Thursday 1 April 2021

You are Entitled to Compensation - When does "abnormal" physiology mean that I should worry about an unwell child?

 Assessing the severity of a respiratory problem in children is not entirely straightforward.  Guidelines attempt to categorise according to specific parameters however it is not uncommon for the category given to contradict our gut feel.  Sometimes the answer suggested by the guideline seems to be contradicted by the appearance of the child in frontof us.  Why is that?  What weight can we put on our gut feel?  When should we be worried?

To understand any severity system and to explore the nuances, I would ask the question, “What is the correlation between the words (mild/ moderate/ severe) and the clinical state of the patient?”

The clinical state of the patient could be categorised as follows:

  • Normal physiology
  • Fully compensating
  • Partially compensating
  • Decompensating

Normal physiology

In a normal physiological state, circulation and respiration are unaffected.  The child’s activity and interaction are normal.  This normal behaviour is evidence of end-organ function – the brain is well perfused, hydrated and nourished.

Fully compensating

When a child becomes unwell, physiology alters to compensate for the illness.  For example, a baby with mild bronchiolitis will breathe faster and heart rate will increase to mitigate the effect of the viral illness on their lungs.  If this compensation is fully effective, activity and interaction will be unaffected.  In this context, the infant is often referred to as a “happy wheezer”.  Thus happy wheezer is not a diagnosis, but rather a clinical evaluation.

Partially compensating

As the effects of an illness become more significant, physiological compensation increases but there reaches a point where it is no longer fully effective.  The brain is a sensitive organ and the early effects of reduced perfusion, hydration and respiration are usually apparent in the gross neurology of a child.  Activity and interaction becomes reduced as an early sign that compensatory physiology is no longer fully effective.

Decompensating

If physiological compensation begins to fail, the child’s clinical state deteriorates rapidly.  If the problem is primarily respiratory, the deleterious effects on the central nervous system and the respiratory muscles create a vicious cycle: tired muscles and a dysfunctioning brain are unable to continue driving the compensatory mechanisms.  Respiration is further impeded which in turn reduces the oxygen delivery and CO2 clearance so badly needed for the child’s physiology to compensate.

If the problem is primarily circulatory the point of decompensation leads to reduced cerebral, cardiac, hepatic and renal perfusion.  This accelerates the effects of poor perfusion through a combination of worsening cardiac output and biochemical changes that impair the metabolic functions needed to cope.
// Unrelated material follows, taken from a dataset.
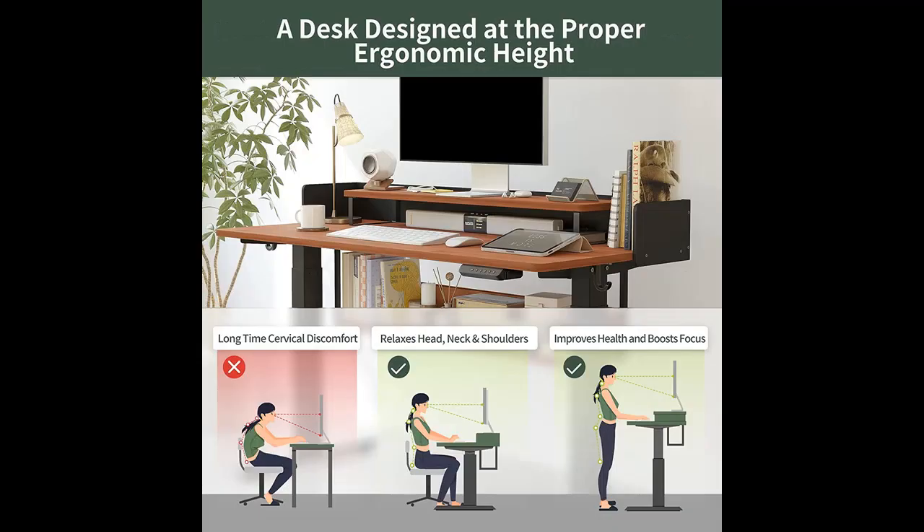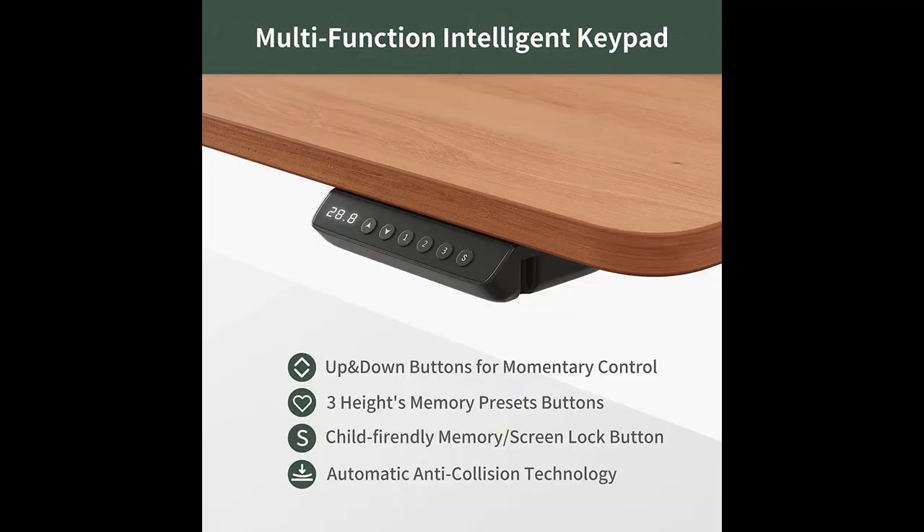Memory Preset: easily adjust the standing desk with lower noise, under 55 decibels while running. Save your favorite three settings and smoothly switch between them.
In either case, the effects of decompensation are dramatic.  Conscious level is affected and the child is likely to be pale and look seriously unwell.  Do not mistake a falling heart rate or respiratory rate for clinical improvement.  What is happening is quite the opposite.  The child’s physiology is failing – impending cardiorespiratory arrest is inevitable without critical care support.

Using this model for assessing the unwell child, we can see that "abnormal" physiology which is fully effective (e.g. a child with vial wheeze who has tachypnoea and mild recession but is running around and happy) is very different to abnormal physiology with evidence that there is only partial compensation (e.g a child with viral wheeze, tachypnoea, recession and reduced activity level).

So when we assess a child and see that changes in physiology are fully effective, we can see this as a very different evaluation to that of the child with signs that may indicate compensation that is not fully effective.
So any score which gives excessive weight to more objective emasures will fail to distinguish the fully compensating child from the child who has a more clinically significant illness.  Normal end organ function, usually manifested in the behavior and activity of a child, is probably the more important part of the assessment.  Abnormal physiology tells us that the child is unwell, whereas the clinical effect is what should tell us when to be concerned. (1)

That, dear friends, is why you find yourself perplexed when a guideline says that you need to treat "abnormal numbers" as red flags when the child you see in front of you seems to be basically well apart from these physiological changes.  In other words, your gut feel that the child is fine is valid.  It is valid because the child who is fully mobile and normally interactive either has no problem or has fully compensated for the problem.  That's what they do.  When they are not fully compensating, then it's time to worry.

Edward Snelson
@sailordoctor

  1. Snelson E, Ramlakhan S, Which observed behaviours may reassure physicians that a child is not septic? An international Delphi study, Arch Dis Child, 2018 Sep;103(9):864-867. doi: 10.1136/archdischild-2017-314339. Epub 2018 Mar 15.